:: WHAT NEEDS TO BE DONE ::
Would you retype exactly the lines from the one holding "Highboard >DURO< 2" through the last line of the listing, and only those, without pictures?

------ PROVIDED MATERIAL

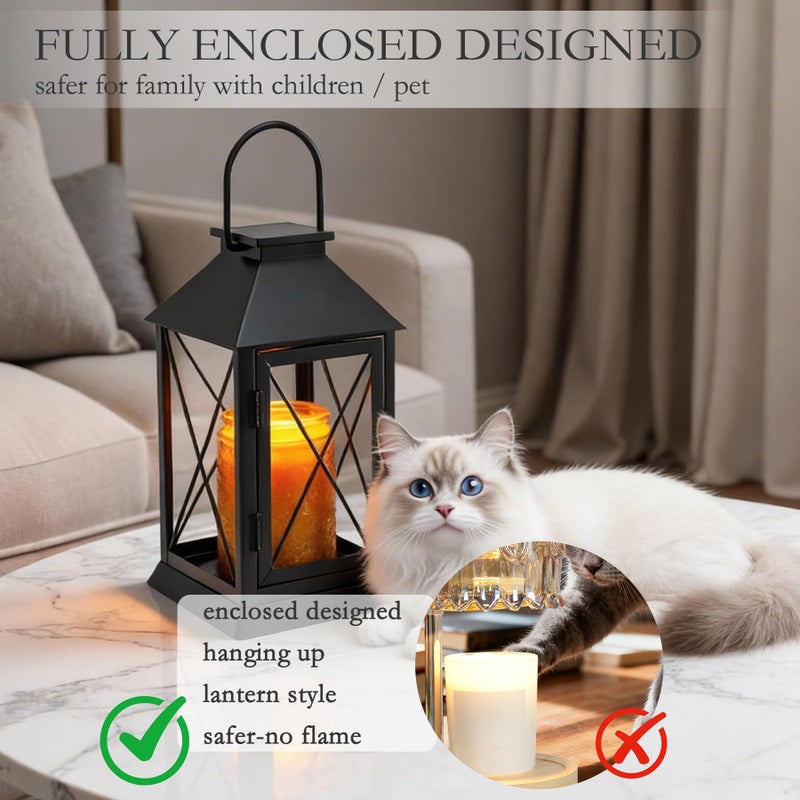 Aaffkaa Candle Warmer Lamp with Timer,Compatible with 3 Wick Candles/Large Candel Jars,Vintage Lamp Candle Warmer Lantern,Dimmable Candle Lamp Warmer Farmhouse,Fully Enclosed Designed and Hanging Up-Black - Image 3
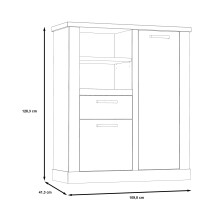Highboard >DURO< 2 Türen, Pinie Weiss / Eiche Antik Dekor - 109,8x128,3x41,3cm (BxHxT)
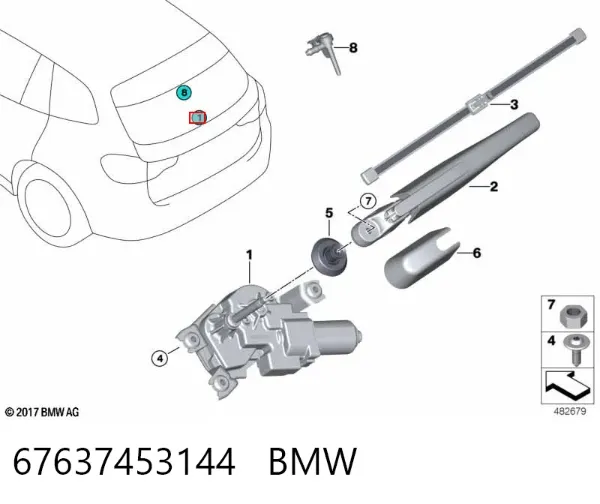 Silniczek wycieraczki tylnej szyby BMW X7 G07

------------

:: SOLUTION FOR THIS PROBLEM ::
Highboard >DURO< 2 Türen, Pinie Weiss / Eiche Antik Dekor - 109,8x128,3x41,3cm (BxHxT)
 Silniczek wycieraczki tylnej szyby BMW X7 G07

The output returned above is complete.